The “Te Moana” is a hot stone and cold seashell massage. The heat is designed to increase circulation while the shells release toxins through the skin. Proceeds from that are donated to the BIOROCK company, which uses electrostimulation to promote coral generation.


And the “Be the Difference” signature package treatment includes a sea salt and ylang ylang body scrub, marine algae body wrap, and 50-minute massage. Funds from that are given to the Algalita Marine Research Foundation and its anti-pollution initiatives throughout the islands.


“There’s a real sense of place in the spa menu with all of the local ingredients like the fresh fruits and plants,” says Nayeli. “And we have the best price point, there’s a better value here. It’s $140 for a 50-minute massage, and $130 per person for the couple’s massage, which you’re not going to find anywhere else in Bora Bora.”

Hilton Bora Bora


In the heart of the resort right on the beach, Hilton’s tiered pool is the largest in Bora Bora. Adjacent, the Tamure Grill and Ta’ie’ie Bar is an ultra casual thatch roof venue with a big sandy floor. Rent this for as big a group as you want because it spills out onto the long beach.

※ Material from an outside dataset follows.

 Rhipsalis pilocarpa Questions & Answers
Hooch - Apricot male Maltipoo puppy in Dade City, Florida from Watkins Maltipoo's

This is a fantastic way to start every morning for breakfast in your shorts and flip flops with a nice breeze coming in off the water.

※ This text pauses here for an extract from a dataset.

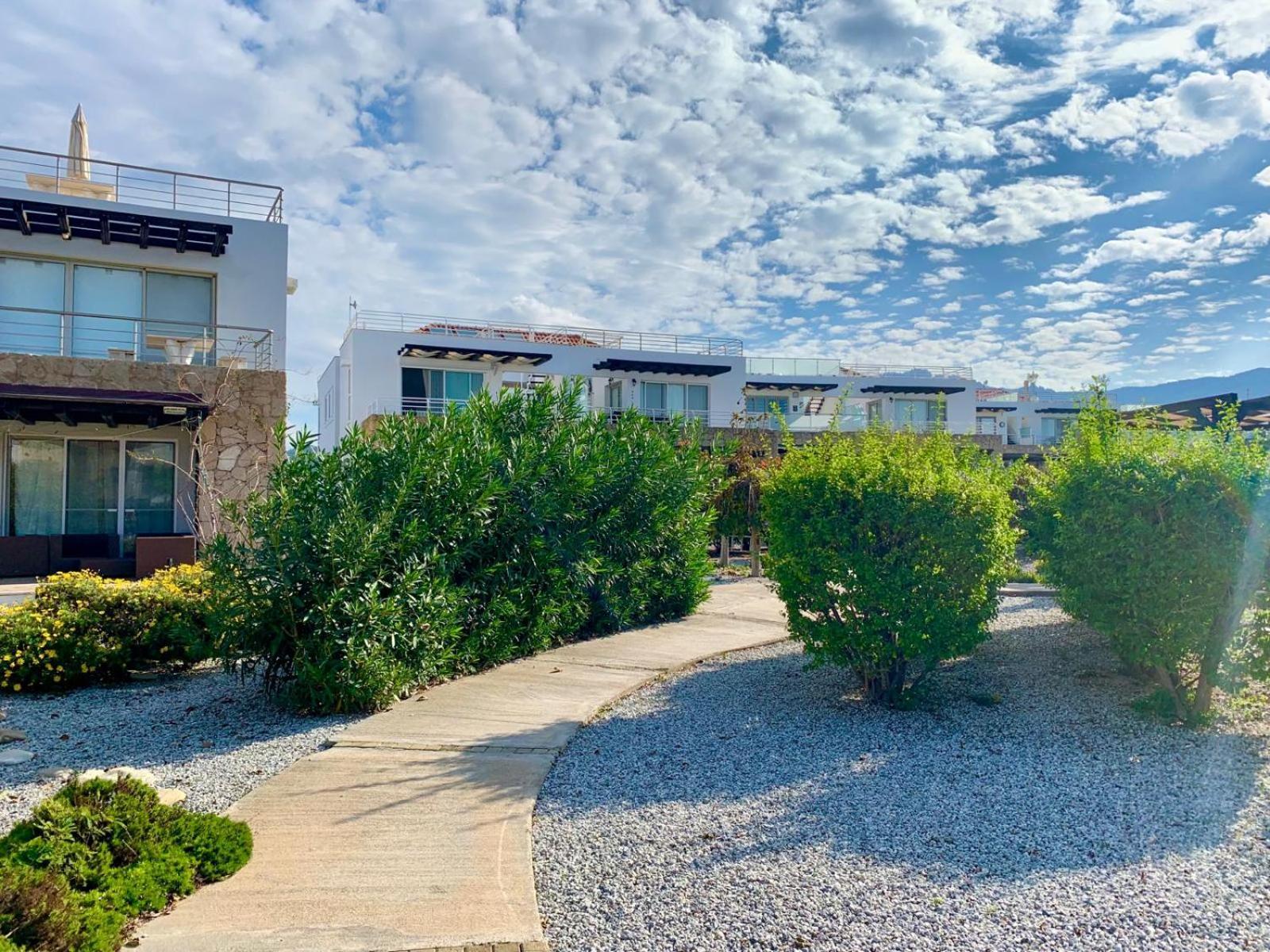 Boho Bay Apartment Akanthou Екстериор снимка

On the other side of the pool, the Iriatai Restaurant and Upa Upa Bar (above) are housed on the second story of a Polynesian vernacular building with undivided open vantages of the beach and water. The polished wood floors, beam ceilings, and authentic art and furnishings throughout make this an absolutely gorgeous experience. You can easily host a buyout up here with live music and dancing. Iriatai is available for group bookings before 2pm or all night on Tuesdays when everyone gathers at Tamure Grill for the weekly Polynesian dance and buffet gala.

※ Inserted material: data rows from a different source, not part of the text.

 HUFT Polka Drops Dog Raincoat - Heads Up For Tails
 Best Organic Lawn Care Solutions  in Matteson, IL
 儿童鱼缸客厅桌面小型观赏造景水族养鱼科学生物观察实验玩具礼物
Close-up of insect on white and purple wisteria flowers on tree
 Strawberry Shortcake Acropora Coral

The cuisine at Hilton Bora Bora is delicious because everything tastes so fresh. The French, Asian and Pacific fusion menu serves items such as baked spiny lobster in tarragon lobster bisque. The hotel can also organize private group dinners right on the sand away from the crowd due to the size of the beach.

During my site inspection with Karine Peyras, assistant manager, she says, “Here we are, I have 200 people at the resort and there’s no one on the beach.” People spend a lot of time in their villas here, or they’re at the pool or sailing offshore. That sense of openness without a lot of hustle and bustle is seriously to die for.

Hilton Bora Bora deck


All of the overwater bungalows have amazing views of the water so you can’t really go wrong with any of them. However, the units toward the east have both views of the water facing away from the island and views through a narrow lagoon looking toward the volcano. All of the accommodations include cathedral ceilings, wood floors, intricate woodwork, Italian marble bathrooms with large floor tubs, and big 4-poster beds with delicate linen drapery.

The overall ambiance is much more South Pacific/Balinese in feel than some of the other hotels, but it’s tasteful and subdued. The water is almost clear below the villas where you can see the colorful butterfly, parrot and trigger fish. The decks are extra large, and the villas themselves start at almost 1,000 sf.

The marquee accommodations are the two 3,200-sf Presidential Overwater Villas, which Kim Kardashian booked for her high-profile honeymoon in 2011. The 2-story structures opened in October 2009 with two bedrooms/baths, a jacuzzi and an extra large living room for entertaining. The ultra-cool villas can be booked for 30-pax cocktail receptions.

Hilton Bora Bora


A short 20-minute boat ride from Hilton’s overwater lobby, the island of Motu Tapu offers permanent facilities for private group events. Completely encircled with blinding white beaches, the island is simply awesome for a day of beachcoming or an awards dinner at sunset. Bartenders and waiters are waiting with Mai Tais, mahi mahi carpaccio and crab and pineapple salad as your group pulls up in the private launch.

This tends to be a highlight of any program at Hilton Bora Bora Nui.

“Ah, Motu Tapu—that is the most beautiful place in the world,” says Peyras.